LOS ANGELES -- The Los Angeles Dodgers are sparing no expense this postseason. In addition to a player payroll that set a National League record, they've beefed up their scouting efforts down to the most-minute detail.
They've had two scouts on every contending team in the National League since mid-September. Against the Atlanta Braves in the National League Division Series, those scouts -- Willie Fraser and John Sanders -- had daily meetings with the Dodgers coaches and, occasionally, with Dodgers players.
They continued to scout the Braves throughout the series, helping the Dodgers make game-by-game adjustments.
Typically, advance scouts file their reports and meet with coaches once before every series. The new approach will continue in the NLCS against the St. Louis Cardinals and, should that series go well, the World Series.
"As adaptations were needed, whether it was a hitter's positioning at the plate or a pitcher starting to lower his arm slot once in a while, it was duly noted," Dodgers general manager Ned Colletti said.
In many respects, the Pittsburgh Pirates would have been a better matchup for the Dodgers. Like the Braves, they hit home runs but also strike out frequently. The Cardinals have a deeper, more balanced lineup. They lead the league in runs and on-base percentage and had five players finish in the top 17 in the NL in OPS.
Dodgers manager Don Mattingly said that, when the Dodgers were in St.

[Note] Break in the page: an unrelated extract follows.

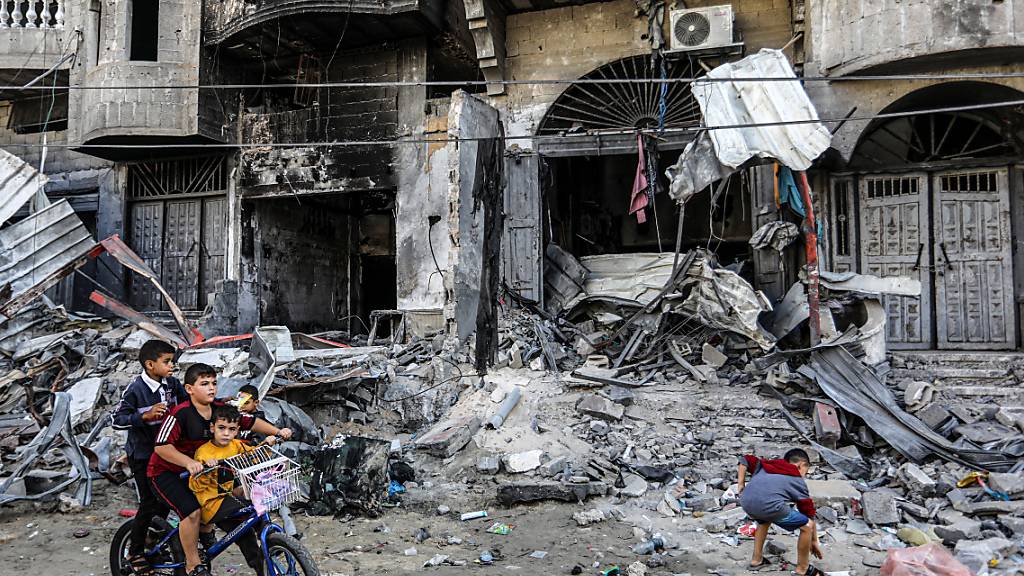 Palästinensische Kinder spielen nach einem israelischen Bombenangriff in der Nähe des zerstörten Hauses der Barhoum-Familie. Foto: Abed Rahim Khatib/dpa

Louis in early August, they identified the Cardinals as the team to beat in the NL Central.
"They've got a good mix of everything," Mattingly said. "They've got a lot of good young players; they've got power arms in their bullpen; they've got power arms starting; they've got some veterans who hit the ball out of the ballpark."
Contract talks on hold
Colletti said there have been no recent discussions with Mattingly about his future beyond this season, which means the Dodgers have yet to pick up his 2014 option or sign him to a multi-year deal. However, Colletti wouldn't rule out that something could happen this postseason.
"I don't sense he's worried about it, I'm not worried about it, and it's going to end up in a place where it should end up," Colletti said.

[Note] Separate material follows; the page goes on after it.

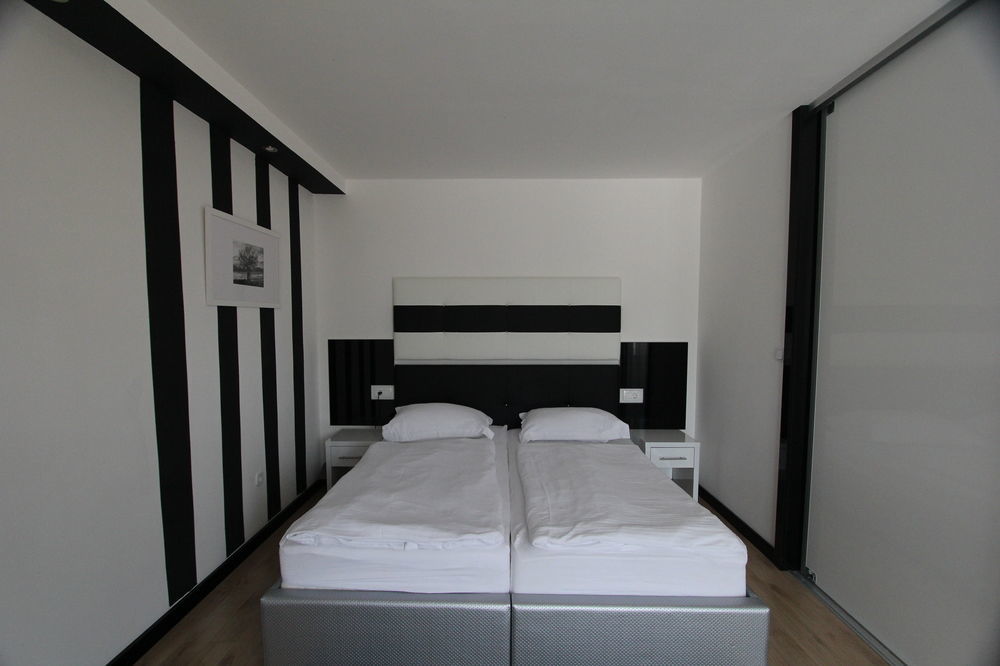 Hotel Sveti Kriz Mastrinka Kültér fotó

Mattingly said he didn't want to discuss his contract during the postseason.
Two days after starting Clayton Kershaw on three days' rest for the first time in Kershaw's career, Mattingly called it "an easy decision." However, he said he wouldn't likely use Zack Greinke on short rest.
Greinke will pitch Game 1, followed by Kershaw. Presumably, Greinke would then pitch Game 5 and Kershaw would go in Game 6, if they are necessary. If the Dodgers were willing to use Greinke on short rest, he could pitch Game 7, but that sounds unlikely. So, the Dodgers could be relying on Hyun-Jin Ryu, who struggled in his first postseason start, in the game that could decide their World Series fate.
"I think Clayton's just a different animal," Mattingly said. "As far as the physical side, he's had zero issues this year. Zack's had little stuff going back to spring training [his elbow], then the shoulder thing happen during the season. It just doesn't seem like the same thing."
Ryu gave up four runs and six hits in three innings of Game 3 on Sunday night. He looked a bit nervous, making two key fielding mistakes.
Both Mattingly and Colletti said they've been assured Ryu is healthy. Colletti said there have been no recent MRI exams or X-rays.
Andre Ethier's activities during Wednesday's workout were virtually the same as in each of the past few weeks. He took batting practice, but in damp, cool conditions, the Dodgers did not risk having him run to test his injured left shin by running the bases.
Mattingly said he's hopeful Ethier can do more than pinch hit at some point in the series. Ethier went 0-for-3 pinch hitting in the NLDS. His replacement in center field, Skip Schumaker, batted .231 in 13 at-bats.